The Tourist Side

We did it.  We ventured out of our comfort zone and set foot in the city.  The Things were a bit unsteady and they grew tired of the non stop photo ops but other than that it was a grand day.
(actually this was last week, but since I had no way of downloading my photos, it shall be posted today, the 7th of July)
Our first visit was to the Konak clock tower, "Sat Kulise" in Turkish.  There is a small mosque in the center of the square as well.  The Things were quite interested but they were not allowing visitors today.  The clock tower is near the center of Izmir and is beautiful. There are intricate carvings of the Turkish flag on all sides.  Same for the mosque.  Detailed iron work and elaborate tiled windows and door frames surround it.  The Things are still enthralled with the minarets and the publicly announced daily prayer calls.  This was their first up close and personal viewing of such. 
I am sure that we stood out like monkeys, once again.
Moving on, at breakfast the Things had all decided that they wanted to visit the Archeology Museum.  Artifacts, busts, sarcophigus' and not to mention the countless mosaics were beyond amazing.  Most of the relics in the museum came from the surrounding areas of Izmir Province, which was Smyrna.  Even the Things were interested when we passed an area with several sarcophagi that were found in Urla, the town we will be living in.  The land there, dating back to the sixth century BC, was a prominent place for olive oil making.  That area is still surrounded with breathtaking olive groves.  And as they say here in Turkiye, if you ask where the best Italian olive oil is from, it is here in Turkiye.
From archeology and onto ethnography.  There was another museum next door that was once a care house for poor Christian families and orphans in the early 1800's.  It is said to be the most informative tourist attraction.  And so we continued on.  For free by the way.  Just an added bonus to our already great day.  This museum explained the Efes tribe and customs, crafts and trades that are still prominent today.  Not to mention the section on evil eye art.  The skill involved in the production of each and everyone and the individual artist's details. The beads are still constructed the same today as they always have been and only in two villages here.  Also, a beautiful collection of furniture, embroidered cloths and of course rugs, handmade and woven felt and Menemenn pottery.  All in all I would second the notion that this museum was informative. 
And to think I haven't even mentioned my favorite part of the day.  This may be another lengthy post.

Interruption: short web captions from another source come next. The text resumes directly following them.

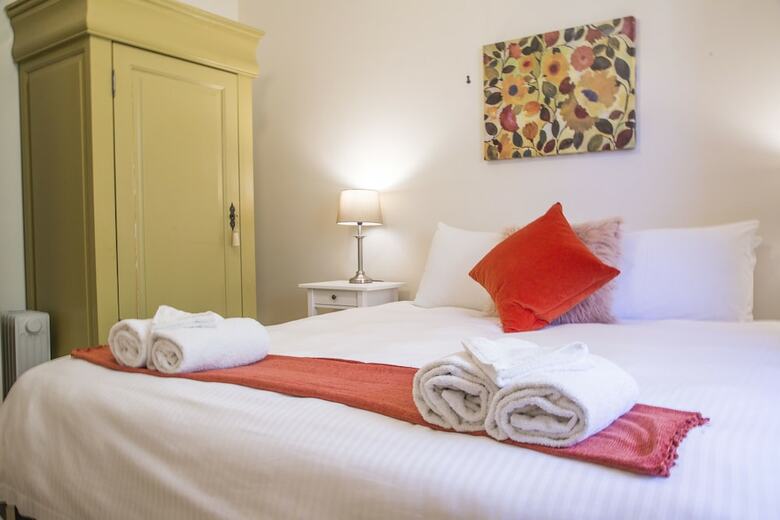 Mataro Cottage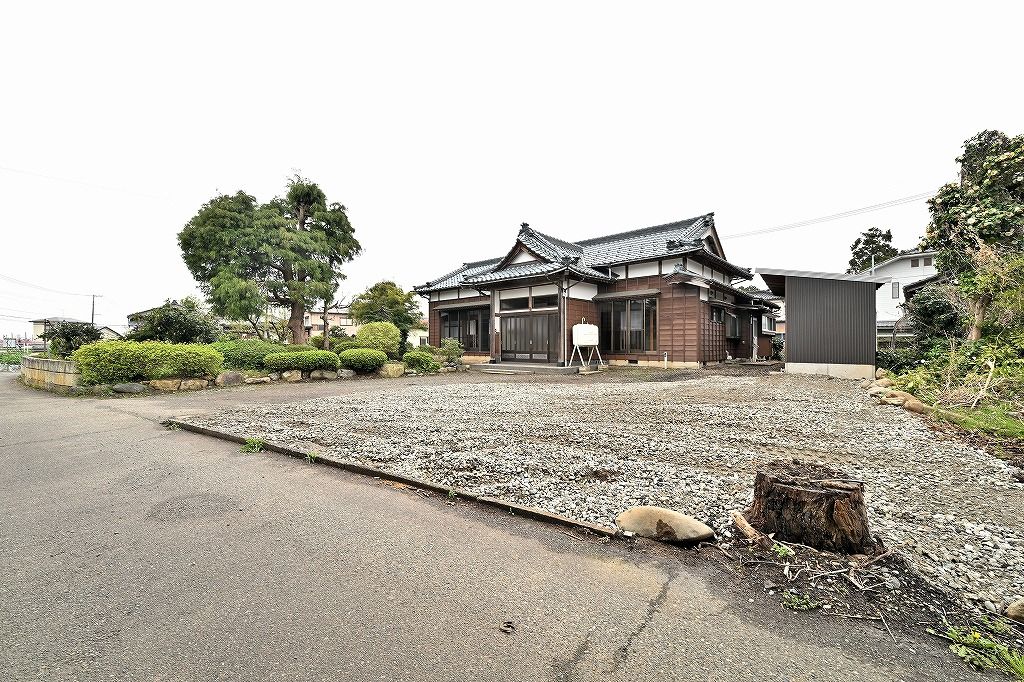 Renovated Traditional Kominka House on Large Plot in Niigata - Thumbnail 4
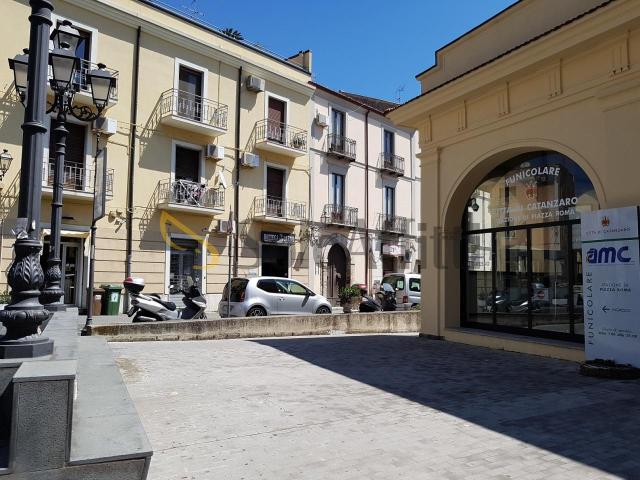 1 vetrina monolocale 30mq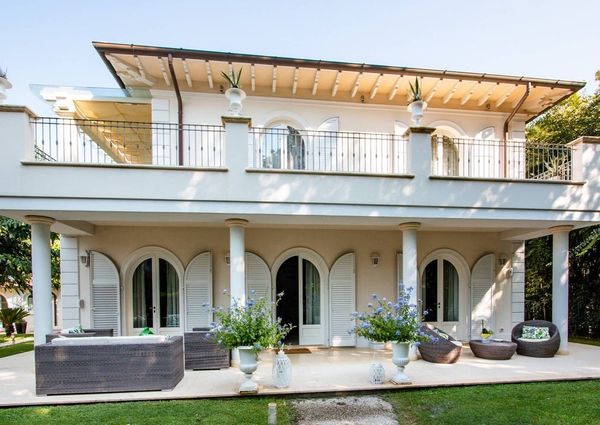 viale sergio bernardini, 345, Camaiore, Tuscany 55041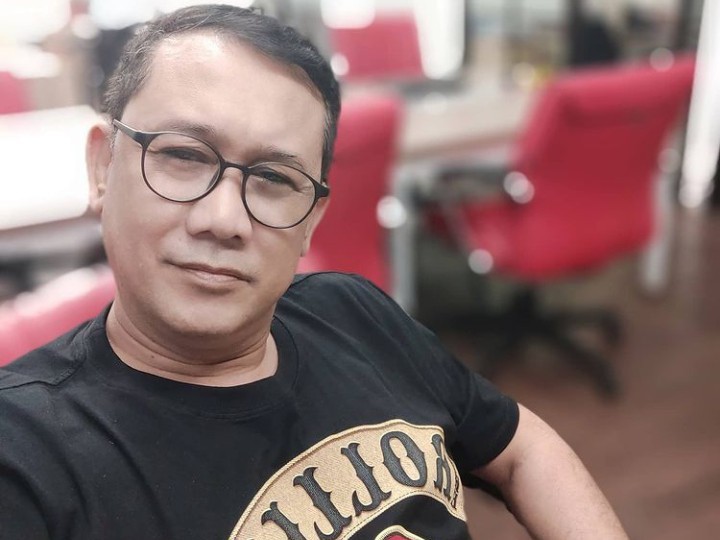 Denny Siregar ke AHY: Belajar Jadi Laki-laki, Sebelum Mimpi Jadi Pemimpin Negeri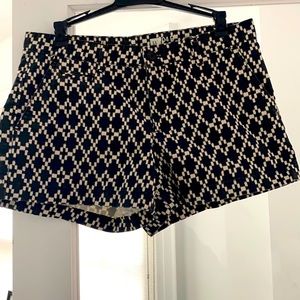 Gap Black Print Cotton Flat Front Shorts size 4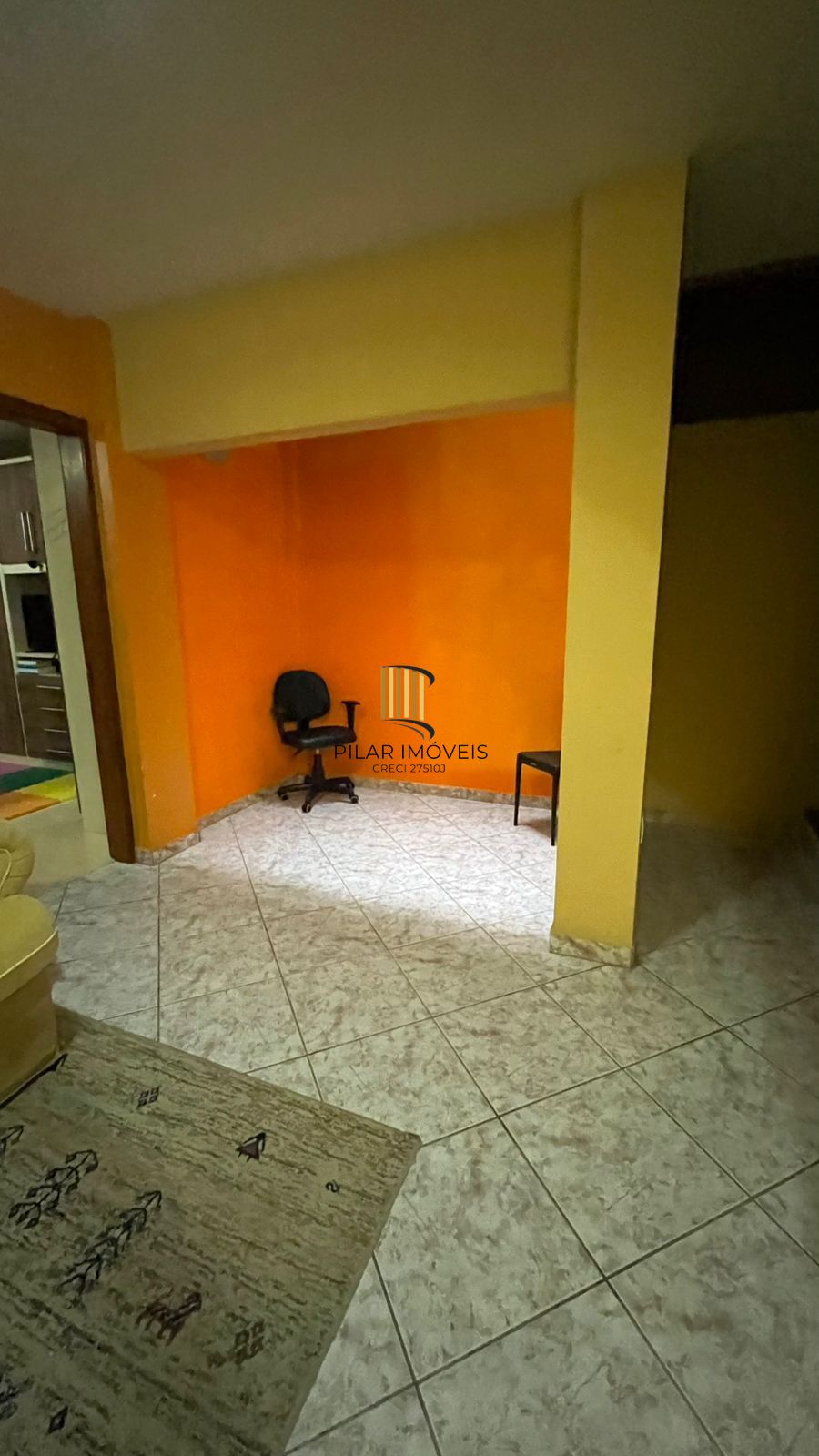 Sobrado Imponente com 4 Andares e 230m² – Garden Privativo e Lareira | R$ 1.480.000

 From there we decided to take our hand through the local roads on foot to see the Agora.  The Agora was a marketplace from ancient Roman times.  It stands, what is left of it, in the middle of Izmir, amongst all the modern and not so modern buildings.  We trekked through the "new" village marketplace, Kemralti.  Complete with clothing, home goods, handmade crafts and then, are you ready for this, the food street.  That is what I lovingly call it.  Just when I wasn't so sure about the path we were on my sensories were peaked.  And oh were they ever.  Countless stands with fresh produce.  I mean fresh.  Not like anything we have ever eaten state side.  The fruit could even be smelled.  Distinctively.  Cherries, apricots, grapes.  And then the fresh herbs, the lettuce, the peppers, the potatoes.  The potatoes even smelled good.  Just when I thought it couldn't get any better there was fish on either side of me.  Fresh.  Being thrown and wrapped and iced  Then the next stands were butchers.  They do not believe in waste here people.  Every part of the animal was being used and sold and hung for all to see.  Thing 1 did reveal to Husband Jared and I that she was not so fond of the cultural experience provided here.  As for me I will definitely be revisiting that street.  Like everyday.
As we exited our eyes feasted on the ancient market, once known as Smyrna.  Not able to recognize around the barbed wire barrier there were giant columns standing gracefully, reaching to the sky.  Whoa.  There it was.  The agora.  Dating back to Hellenistic times.  This place rocked our world. 

In the above photo are the remains of the city's arches that once formed the marketplace. This market dates back to around the 2nd century AD.  It was remarkable.  On another level of the site they are excavating even more.  We are looking forward to our next visit and the new finds. 

1 Response to "The Tourist Side"

  1. Cheryl Lee Says:

    Beautiful! love it, looking forward to our visit so I can experience the sights and sounds as you described them! When can I come?